It sounds like, if anything, I am underfeeding him now. About 4 pellets a day. two in the morning and two in the evening. Tomorrow I am going to give him his first BLOOD WORM.



SlinkyInk said:


> I mainly feed brine shrimp as a treat. Plus, and I'm not sure if it has anything to do with the shrimp, but the very next day after I started with the brine shrimp he started making bubble nests. And he's made a bubble nest every day since, which tells me he's happy


No Bubbles for me yet. He "burps" under water every now and then and bubbles float to the surface, but thats it. 



Tikibirds said:


> Water changes are pretty basic. Just make sure that your hands are clean so nothing icky gets in the new water, add the conditioner and slowly accumate the fish to the new water so if the temps are different, he won't go into shock :-D


I got the first water change done and I think I did about 50% of the tank. The tool i got to help, the gravity water pump, though cool, was way to big for the tank and did not work. I just pulled the attachent off and used the tubing to get the water out. Worked well.



Tikibirds said:


> I just left Alaska last month after 12 years. I do NOT recommend driving out in wintertime :shock: Anyways, since fairbanks was pretty limited and freakin expensive, try searching ebay for decor and heaters. I got about 10 heaters (I had 23 bettas when I lived in fairbanks) off ebay for less then 1/2 the price of Petco in Fairbanks. You may have to search for a while but eventually one will pop up with decent shipping. Alot of my decor came from sellers in china. Again, their stuff was cheaper then anything locally and some of them ship free internationally (however there is one seller that will NOT ship to AK or HI). All my bettas love the sillicon anemoneas - you may want to pick up one for your guy. It so cute when they try and wiggle their way inisde of it.

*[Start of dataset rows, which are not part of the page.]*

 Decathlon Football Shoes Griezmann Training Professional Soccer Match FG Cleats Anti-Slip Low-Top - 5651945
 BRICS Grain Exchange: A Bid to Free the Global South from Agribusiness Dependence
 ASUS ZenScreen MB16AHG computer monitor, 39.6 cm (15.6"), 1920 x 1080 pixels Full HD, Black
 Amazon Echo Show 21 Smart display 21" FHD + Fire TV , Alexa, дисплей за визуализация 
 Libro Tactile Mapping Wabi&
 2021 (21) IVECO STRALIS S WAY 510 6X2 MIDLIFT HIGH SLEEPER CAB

Thanks for the advice! I love the idea of the *Sillicon Anemoneas*, but I think i am suffering from not having a big enough tank. Not for Betta Max, but for me. I don't know how best to solve that. I am so worried about how much space a bigger tank will take up. How ugly it might look with power cords and dealing with water changes. I guess that is the next thing I need to research. *Aquarium tank setups/management*.

But the water change went well. Probably do another one tomorrow. He is still eating well. Seems really happy and I need to come up with some games for the guy to keep him occupied. 

Again I want to thank everyone for all their help and advice.


----------



## Aus (Feb 3, 2012)

I have found the Dymax IQ5 quite a good home for Sid - I have issues with keeping larger tanks, as I worry I can't physically take care of them properly. The IQ5 is acrylic and light to lift even with a little water still in it. It's around 3.5 gallons all up, and square, so fits most anywhere, and is also quite attractive in design. Sid seems really happy in it, though I think it's important to have 'interactive' decor a fish may want to explore a lot - floater plants, moss, hidey spaces - as there's not a lot of horizontal swim space. I find Sid has no trouble keeping himself busy in all that.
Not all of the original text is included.